* ASSIGNMENT *
Output all of the data exactly as it appears, but leave out any pictures it contains.

**** GIVEN DATA

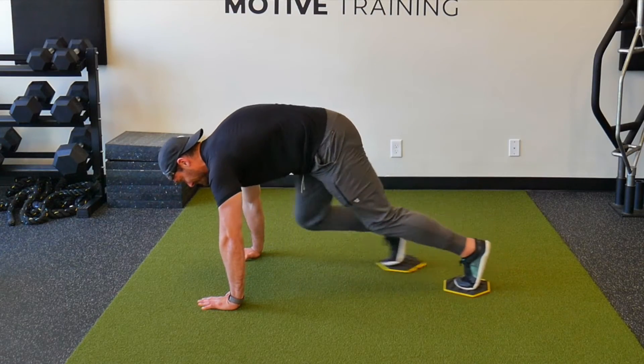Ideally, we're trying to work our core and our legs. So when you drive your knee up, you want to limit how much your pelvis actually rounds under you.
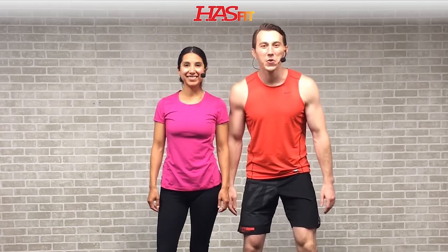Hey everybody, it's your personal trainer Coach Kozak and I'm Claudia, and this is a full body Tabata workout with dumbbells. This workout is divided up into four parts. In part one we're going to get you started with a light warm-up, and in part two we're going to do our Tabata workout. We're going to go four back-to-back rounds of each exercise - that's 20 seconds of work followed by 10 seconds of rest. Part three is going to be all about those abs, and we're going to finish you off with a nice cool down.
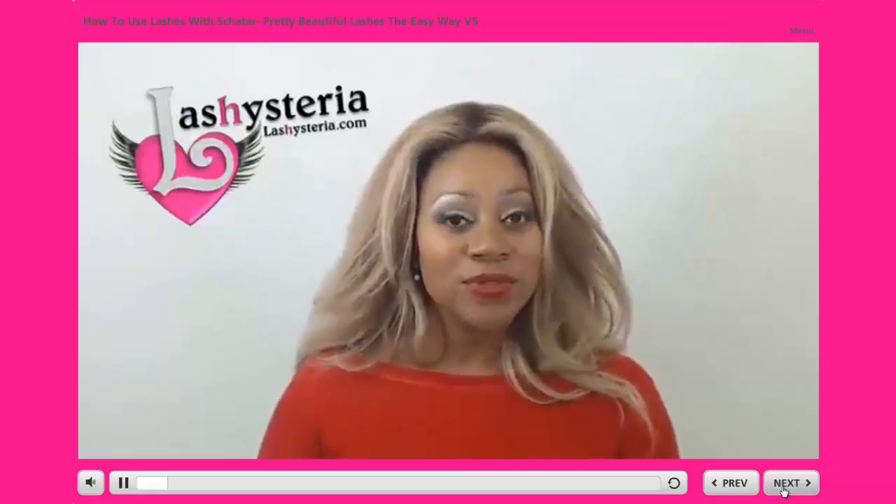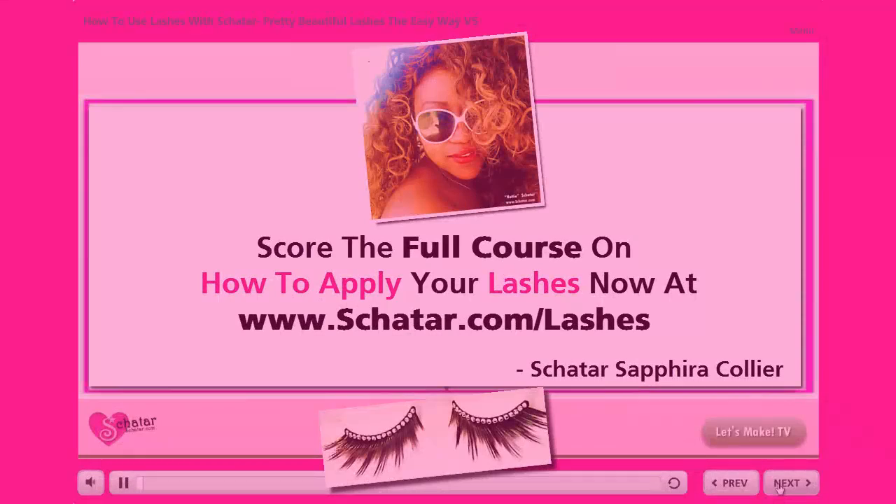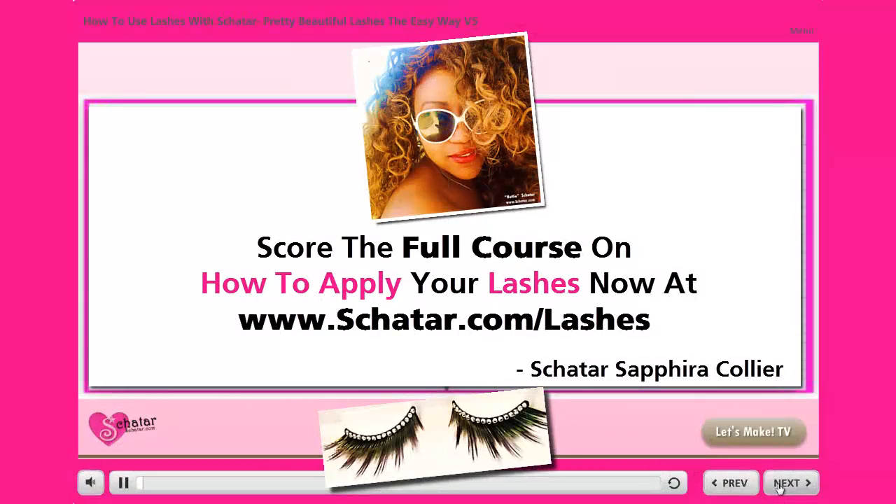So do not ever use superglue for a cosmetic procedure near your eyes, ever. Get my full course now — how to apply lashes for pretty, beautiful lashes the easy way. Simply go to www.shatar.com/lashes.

********

* THE COMPLETED TASK *
Ideally, we're trying to work our core and our legs. So when you drive your knee up, you want to limit how much your pelvis actually rounds under you.
Hey everybody, it's your personal trainer Coach Kozak and I'm Claudia, and this is a full body Tabata workout with dumbbells. This workout is divided up into four parts. In part one we're going to get you started with a light warm-up, and in part two we're going to do our Tabata workout. We're going to go four back-to-back rounds of each exercise - that's 20 seconds of work followed by 10 seconds of rest. Part three is going to be all about those abs, and we're going to finish you off with a nice cool down.
So do not ever use superglue for a cosmetic procedure near your eyes, ever. Get my full course now — how to apply lashes for pretty, beautiful lashes the easy way. Simply go to www.shatar.com/lashes.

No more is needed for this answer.